Introduction

This post is the second in my Phemex series. You can find the background and more details in Part 1 here.

In Part 2 the goal is to ingest the stream of trades that we subscribed to in part 1. This stream will then be transformed into the Parquet message format and sent to the datalake.

More Rust and…Dragons

In Part 1 I defined my data model. I made a couple of modifications to fit in better with Rust’s borrow-checker.

The datatypes now look like this:

#[derive(Serialize, Deserialize)]
struct Subscription {
    id: i32,
    method: String,
    params: Vec<String>,
}

#[derive(Serialize, Deserialize)]
struct TradeResponse {
    sequence: u64,
    symbol: String,
    trades: Vec<Vec<Value>>,
}

I also decided not to send the entire TradeResponse, instead I split each one of the trades out of each TradeResponse and send the tuple. The other information wasn’t really relevant for the type of analysis I want to conduct:

#[derive(Serialize, Deserialize)]
struct Trade {
    timestamp: i64,
    direction: String,
    price: i64,
    quantity: i64,
}

Ok so, now I’m happy with the data model I want to send this to Amazon Kinesis Firehose. Since Kinesis is designed for high concurrency, I want to make use of multiple threads in order to send my messages. Tokio has a great task-based concurrency API. This is a light weight non-blocking unit of execution, similar to green threads from other languages like Go, Python.

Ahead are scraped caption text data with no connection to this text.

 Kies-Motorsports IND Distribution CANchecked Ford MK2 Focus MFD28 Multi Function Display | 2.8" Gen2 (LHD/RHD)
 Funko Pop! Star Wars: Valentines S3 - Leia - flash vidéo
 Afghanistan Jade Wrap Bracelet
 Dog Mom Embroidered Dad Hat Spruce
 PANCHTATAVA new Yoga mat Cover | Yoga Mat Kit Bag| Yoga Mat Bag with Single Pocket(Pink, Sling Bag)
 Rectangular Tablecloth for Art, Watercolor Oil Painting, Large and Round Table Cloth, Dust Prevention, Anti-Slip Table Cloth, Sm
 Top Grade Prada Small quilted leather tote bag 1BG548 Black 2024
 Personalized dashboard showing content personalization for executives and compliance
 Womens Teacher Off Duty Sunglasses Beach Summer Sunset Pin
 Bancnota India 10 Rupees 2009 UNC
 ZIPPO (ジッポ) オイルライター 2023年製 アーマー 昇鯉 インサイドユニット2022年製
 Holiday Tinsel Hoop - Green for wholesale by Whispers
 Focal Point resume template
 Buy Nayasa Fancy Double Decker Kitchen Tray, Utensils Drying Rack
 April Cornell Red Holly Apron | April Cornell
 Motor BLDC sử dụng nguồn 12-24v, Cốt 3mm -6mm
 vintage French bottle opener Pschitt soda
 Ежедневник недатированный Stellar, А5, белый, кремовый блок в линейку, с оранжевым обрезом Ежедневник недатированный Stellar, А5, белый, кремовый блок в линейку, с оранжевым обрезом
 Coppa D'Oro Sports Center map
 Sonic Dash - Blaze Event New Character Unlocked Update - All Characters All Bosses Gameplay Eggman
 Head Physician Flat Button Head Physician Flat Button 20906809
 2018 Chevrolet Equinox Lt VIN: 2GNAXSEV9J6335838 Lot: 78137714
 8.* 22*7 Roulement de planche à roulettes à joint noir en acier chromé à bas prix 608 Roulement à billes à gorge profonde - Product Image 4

Here Be (some small) Dragons

I’m using the Rusoto crate to communicate with the backend AWS processes. This also uses Tokio as the runtime on the backend so it fits in really well with the asynchronous model. I start with creating my Kinesis client:

#[tokio::main]
async fn main() {
    env::set_var("RUST_LOG", "info");
    env_logger::init();

    let fh_client = Arc::new(
        KinesisFirehoseClient::new(Region::UsEast2)
    );

Rust is all about ownership. I’ve decided to wrap the Kinesis Firehose client in an Arc which allows for shared ownership between threads.

This is why I entitled this section Here Be (some small) Dragons since to be honest, I’m not 100% sure this is the best way to go. I’m new to Rust, this feels right, but I would love some feedback via Twitter if there’s an easier way to do this. I’ll name this the Dragon Caveat - you’ll see it come up a few times !

Once the client is created, I can go back to my main event loop. There are a few different message types received from the socket, so I only want to send actual trade messages. I created a quick helper method to check if it’s a valid BTCUSD message first and parse out the Trade tuples. The initial message when you first connect that comes back is a snapshot of the 1000 most recent trades, and subsequent trades are marked as incremental. I just send everything to the Kinesis stream and ingest.

if is_trade_message(&msg) {
    let trade_struct: TradeResponse =
        serde_json::from_str(&msg.to_text().expect("Cannot create text from Message"))
            .expect("Cannot serialize Message to TradeResponse");

    for trade in trade_struct.trades {
        let trade_info = Trade {
            timestamp: trade[0].as_i64().unwrap_or_default(),
            direction: String::from(trade[1].as_str().unwrap_or_default()),
            price: trade[2].as_i64().unwrap_or_default(),
            quantity: trade[3].as_i64().unwrap_or_default(),
        };
...

Ok got my trade tuple, lets send into the stream and check for errors, if not then just log out the message ID:

let trade_string = serde_json::to_string(&trade_info)
    .expect("Could not unmarshall TradeResponse to String.");

// Create the PutRecord
let pri = PutRecordInput {
    delivery_stream_name: "my-btc-delivery-stream".to_owned(),
    record: Record {
        data: Bytes::from(trade_string.to_owned()),
    },
};

// Create a clone for the client, this gets
// 'moved' into the Tokio Task Greenlet
let cloned_fh_client = fh_client.clone();

task::spawn(async move {
    match cloned_fh_client.put_record(pri).await {
        Err(error) => {
            error!("Encountered error writing to Firehose Stream: {}", error)
        }
        Ok(resp) => info!("Ingested : {}, {}", trade_string, resp.record_id),
    }
});

And that’s really all it takes. Since the Tokio runtime can schedule non-blocking threads across the physical threads on my machine I can create thousands of sending processes. By default, Kinesis Firehose will support up to 2000 transactions / second so I have plenty of room to play with.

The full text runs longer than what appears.